Tekla Model Sharing で使用されるモデルは、バックアップすることをお勧めします。共有モデルに問題が発生した場合、任意のユーザーのモデル(つまり、バックアップされているモデル)を選択し、モデルのローカルバージョンを使い続けることができます。バックアップされた完全なモデルを使用しており、モデルフォルダに図面や各種データベースなどが存在することを確認します。これにより、モデルが正しく機能するようになり、データが失われることがなくなります。モデルのバックアップバージョンが古い場合、すべての変更を読み込むには時間がかかることがあります。

会社の規則に従ってモデルをバックアップしてください (Windows バックアップを使用するなど)。また、[ ファイル > 名前を付けて保存 > 保存してバックアップコピーを作成 ] コマンドを使用して、モデルのバックアップ コピーを作成することもできます。

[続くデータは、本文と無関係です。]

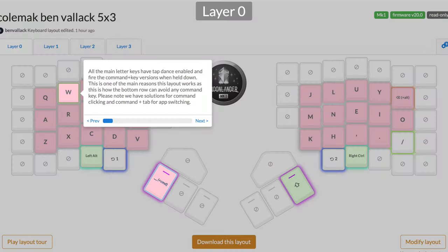Hi and welcome to the channel. Since I started this journey going into mechanical keyboards for maximizing productivity when working with the Mac, one of the ideas I really wanted to explore was setting up a layout where you only move your fingers one key's distance away from the home row.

バックアップ コピーは、元のモデルと同じ GUID を持ちます。

[ 名前を付けて保存 ] コマンドを使ってモデルのバックアップはできない点に注意してください。 [ 名前を付けて保存 ] を使用した場合、モデルには新しい ID が付けられ、元のモデルとの関連はなくなります。

[ 名前を付けて保存 ] コマンドを使用しても、モデル履歴は保存されたモデルと共にコピーされません。

共有モデルの復元

共有モデルに作業時間の無駄につながる問題がある場合、社内の管理者は、 Management Console for Tekla Model Sharing を使用して問題のあるモデル バージョンを削除できます。 共有モデルのユーザーが Tekla Structures でモデルの以前のバージョンを復元し、そのモデルを Tekla Model Sharing で使用することも可能です。

Management Console for Tekla Model Sharing は、管理者が組織のすべての共有モデルを管理できるようにウェブベースのアクセスを許可します。 管理者は、モデルをロックして、1 人のユーザーを Tekla Structures でモデルを調査できるロック オーナーに指名します。 ロック オーナーが問題を検出すると、管理者は問題の原因となっているモデル バージョンを削除し、モデルのロックを解除して再度通常どおり使用できるようにします。

モデルのロック中には、 Tekla Structures の共有コマンドは次のように使用できます。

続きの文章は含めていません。